大人が、子ども一人ひとりと向き合っているというのは、お絵かき教室でもにじいろ活動でも一緒ですが、にじいろ活動はどちらかというと、子どもたちの中にあいている穴を埋める取り組みです。安心・安全な場所で、のびのび遊ぶ経験がないと、子どもたちの情緒は安定しません。我慢せずに思いっきり遊ぶことを通じて、やりたいことをやっていいんだよ、あなたはあなたのままでいいんだよ、無理しなくていいんだよと、子どもたちのありのままを認める場をつくっています。
たとえば、学校内の子どもたちの間には、関係性のポジションがあったりします。でも、にじいろ活動では、そうしたことから解放される。もしかしたら、関わる大人にとってもそうかもしれません。見栄をはったり、かっこつけたりする必要ない場があることで、子どもたちは自分自身を出せる土台をつくっていきます。
お絵かき教室では、絵や造形物を通じて、その自分を表現します。上手下手ということではなくて、自分が感じたものをありのままに出していいんだよ、という環境づくりをしています。自分をさらけ出した個性的な作品ができると、子どもたちはどんどん自信がつき、心が豊かになっていく。上手に描けないから、私は描かないと言っていたような子どもが、だんだん教室の雰囲気を味わって自分を解放していくことで、自分を出していいんだと変化する循環があります。そうした子どもたちの様子を見ているのは気持ちがいいし、私自身もお絵かき教室が楽しくてしょうがないんです。準備は大変だけども、子どもたちのものすごい集中力から生まれる作品をそばで見られることに、本当に幸せを感じます。
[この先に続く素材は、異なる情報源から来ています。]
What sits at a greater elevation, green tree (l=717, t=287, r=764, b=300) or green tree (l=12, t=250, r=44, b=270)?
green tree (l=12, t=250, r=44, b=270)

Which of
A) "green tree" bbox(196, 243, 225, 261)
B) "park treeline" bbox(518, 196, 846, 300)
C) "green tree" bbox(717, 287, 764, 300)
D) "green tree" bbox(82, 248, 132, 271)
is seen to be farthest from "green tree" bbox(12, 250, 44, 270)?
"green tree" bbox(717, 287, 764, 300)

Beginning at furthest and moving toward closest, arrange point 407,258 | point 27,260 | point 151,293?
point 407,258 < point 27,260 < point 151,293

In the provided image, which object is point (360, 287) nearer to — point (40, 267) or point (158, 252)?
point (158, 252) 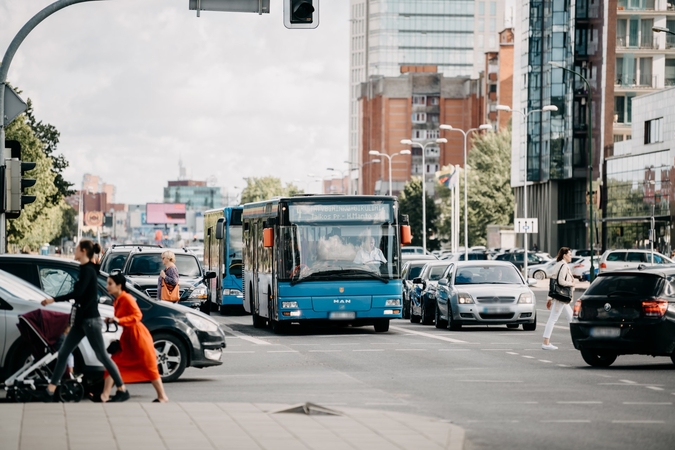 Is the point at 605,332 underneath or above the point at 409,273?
underneath

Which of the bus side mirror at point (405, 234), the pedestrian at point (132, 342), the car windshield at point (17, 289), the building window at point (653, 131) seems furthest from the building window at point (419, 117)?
the pedestrian at point (132, 342)

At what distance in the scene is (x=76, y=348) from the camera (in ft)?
47.0

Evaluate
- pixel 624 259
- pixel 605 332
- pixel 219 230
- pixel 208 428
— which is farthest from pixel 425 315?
pixel 624 259

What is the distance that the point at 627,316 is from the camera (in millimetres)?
18531

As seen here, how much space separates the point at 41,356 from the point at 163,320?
2632mm

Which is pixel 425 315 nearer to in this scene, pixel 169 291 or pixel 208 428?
pixel 169 291

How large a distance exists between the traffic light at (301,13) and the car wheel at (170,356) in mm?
4322

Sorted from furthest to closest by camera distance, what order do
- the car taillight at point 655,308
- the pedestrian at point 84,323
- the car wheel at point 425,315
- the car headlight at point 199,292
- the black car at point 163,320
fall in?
the car wheel at point 425,315 → the car headlight at point 199,292 → the car taillight at point 655,308 → the black car at point 163,320 → the pedestrian at point 84,323

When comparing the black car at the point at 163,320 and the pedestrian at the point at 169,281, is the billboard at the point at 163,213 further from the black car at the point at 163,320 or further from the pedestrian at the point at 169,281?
the black car at the point at 163,320

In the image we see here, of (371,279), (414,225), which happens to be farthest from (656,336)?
(414,225)

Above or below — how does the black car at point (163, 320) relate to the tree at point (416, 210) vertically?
below

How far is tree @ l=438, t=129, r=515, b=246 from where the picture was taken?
114 meters

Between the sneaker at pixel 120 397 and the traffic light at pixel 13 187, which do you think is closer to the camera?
the sneaker at pixel 120 397

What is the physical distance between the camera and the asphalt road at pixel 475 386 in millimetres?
11898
ー現在のにじいろクレヨンは、何名体制で運営しているのですか?
2014年度は、6人のスタッフ(フルタイム4人、パート2人)です。私を含めた3人が現場の事業を担当、残りの3人が事務局を担当しています。既存事業に加えて、2015年4月以降には児童館と子育て支援センターとなる拠点を持つため、1月から4人増えて、右腕含めてあと数名さらに採用予定です。
ー新しいチームで大事にしていきたいと思っていることは何かありますか?
今までは、全部の事業に私が関与していましたが、今後はスタッフに各事業のリーダーを任せたいと思っています。にじいろクレヨンの理念やゴールについて、スタッフと共有を深め、一人ひとりが目指すゴールを達成するためにはどう行動すればよいか考えられるような組織にするのが今年の目標です。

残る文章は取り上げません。